- **What you will do**
Pull out every line from the line containing "Mappa di analisi" through the end of the material, both ends included, and reproduce it exactly. Keep pictures out.

- **Supplied records**
*** Begin section ***

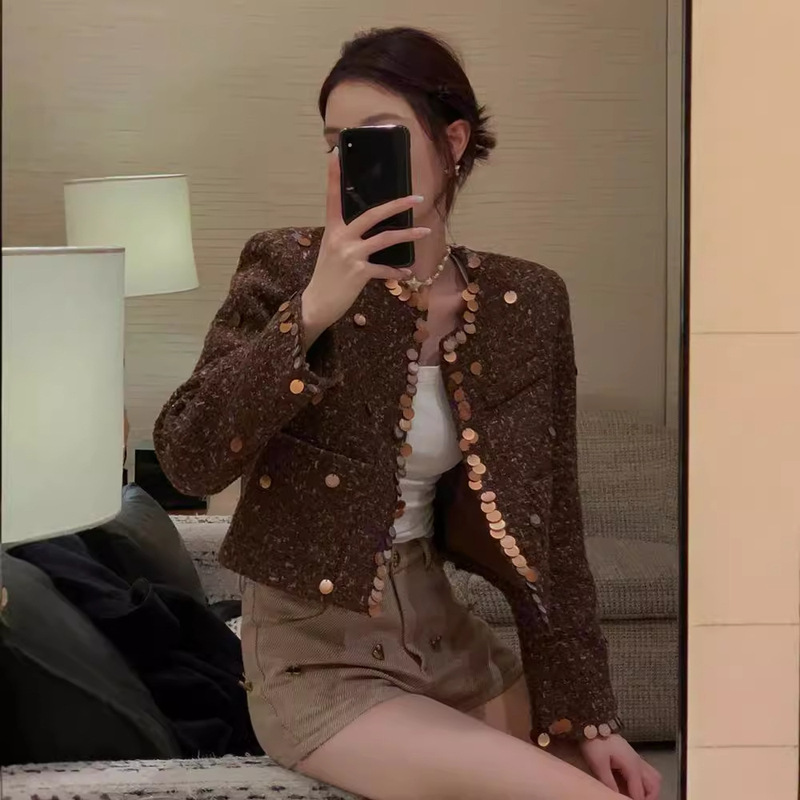 2026 Early Autumn New Shiny Silk Woven Woolen Suit Jacket for Women, Stylish Round Neck Sequined Tweed Cardigan 1849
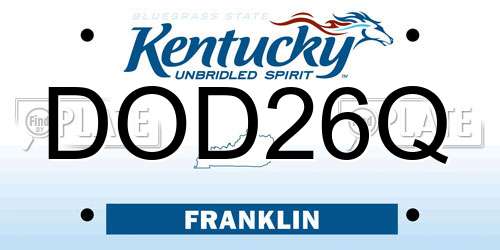 DOD26Q Kentucky License Plate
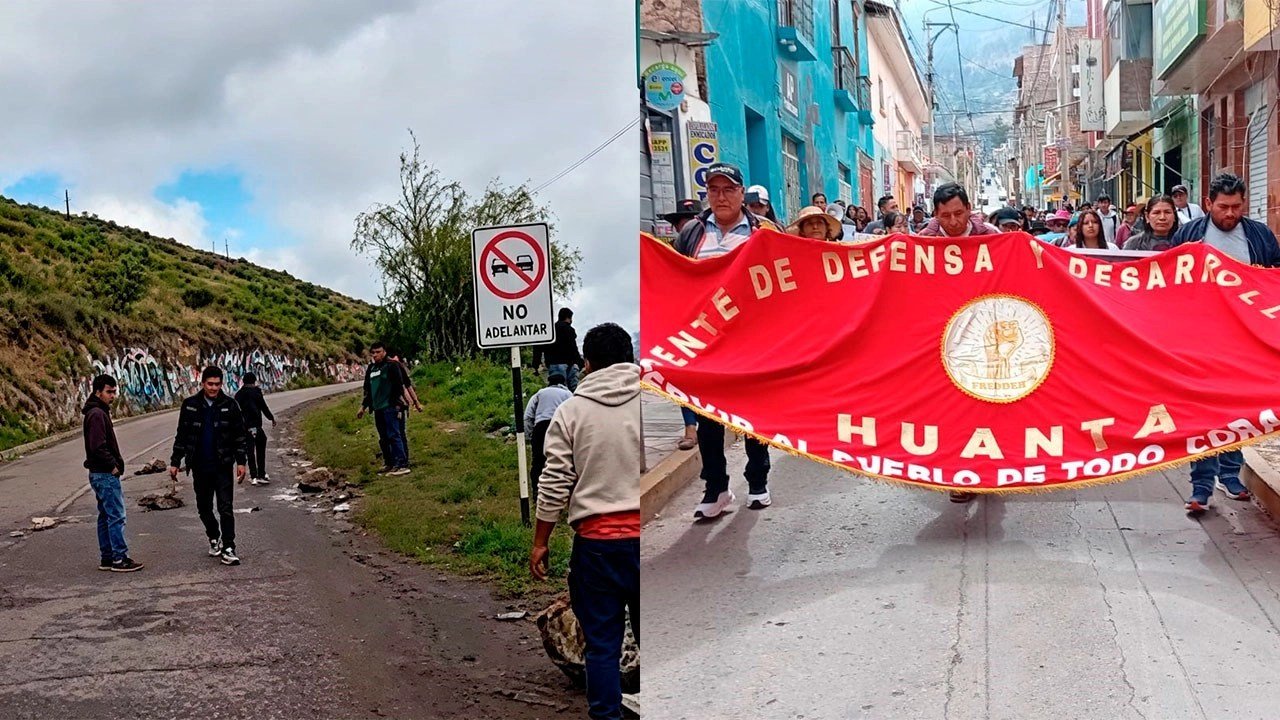 paro seco Huanta — Manifestantes en Huanta se movilizan en protesta contra la extorsión y el incremento en los precios del combustible. Foto de: El Búho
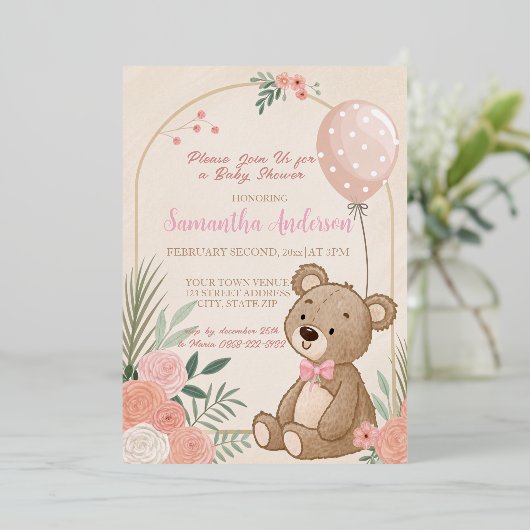 Stoffige Roze Boho Teddybeer Ballon Baby Folie Uitnodiging (Staand Voorkant)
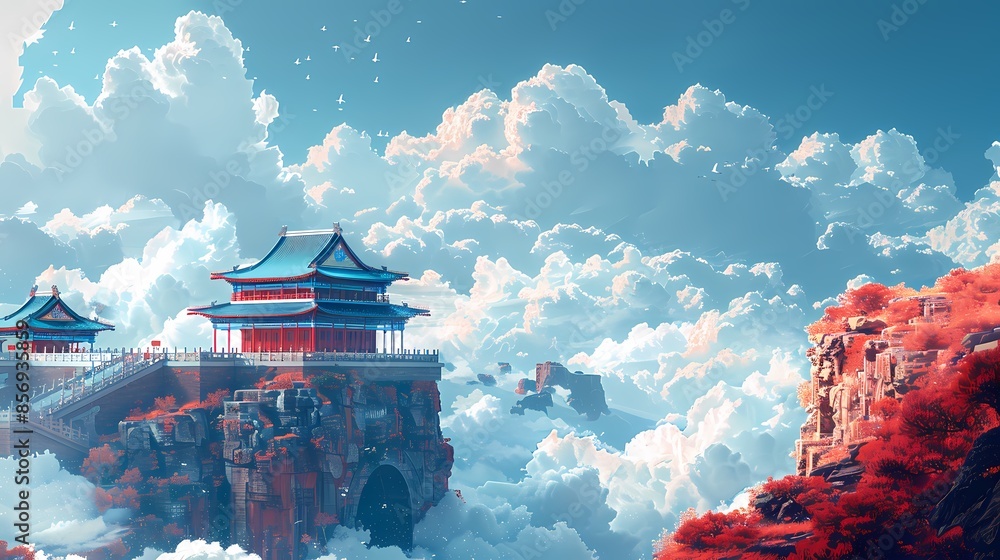 Obraz premium Colorful traditional Chinese ancient architecture illustration poster background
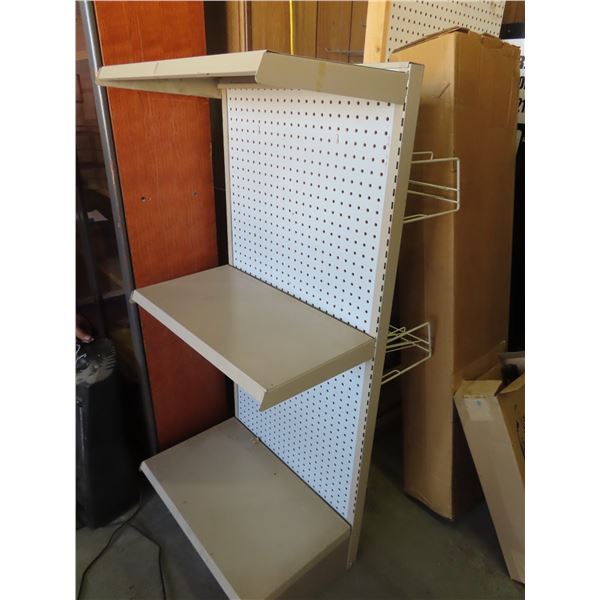 display shelf with pegboard and wire rack - 24"x15"X54"H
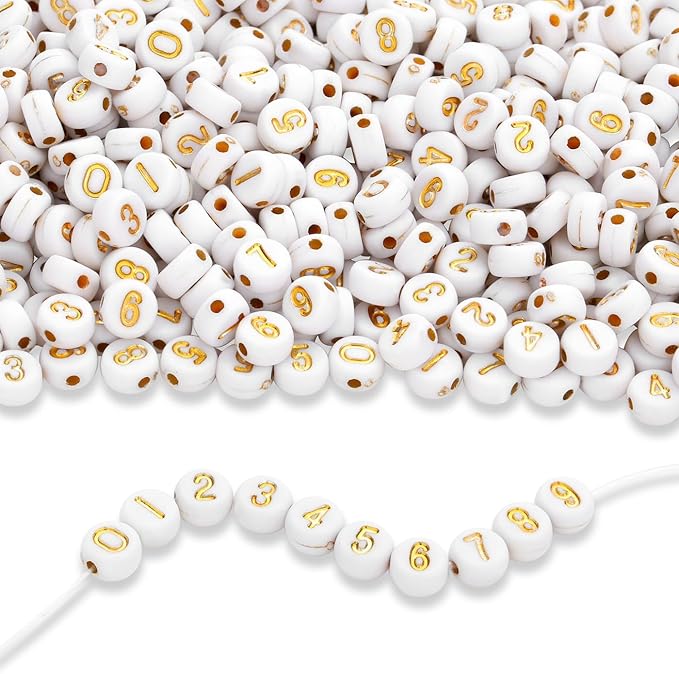LAIDANLA 1000PCS Acrylic Number Beads Gold Number White Round Bead 7×4mm for Jewelry Bracelets Necklaces Key Chains Making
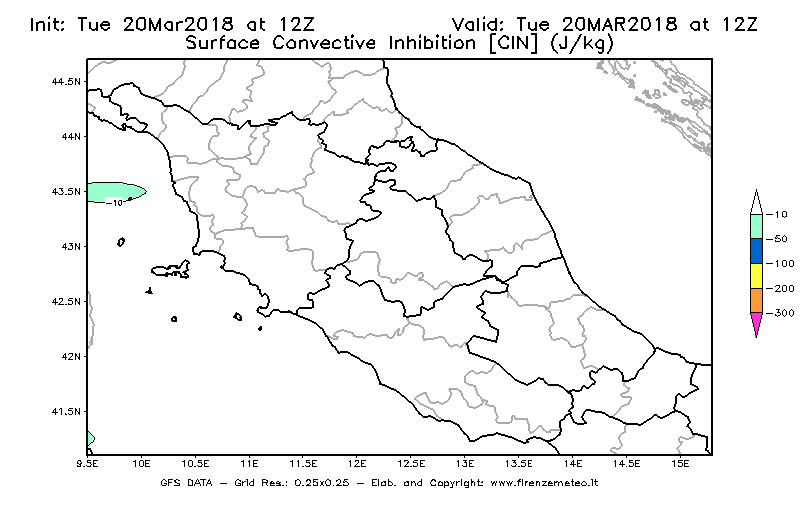 Mappa di analisi GFS - CIN [J/kg] in Centro-Italia
							del 20/03/2018 12 <!--googleoff: index-->UTC<!--googleon: index-->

*** End section ***

- **Your response**
 Mappa di analisi GFS - CIN [J/kg] in Centro-Italia
							del 20/03/2018 12 <!--googleoff: index-->UTC<!--googleon: index-->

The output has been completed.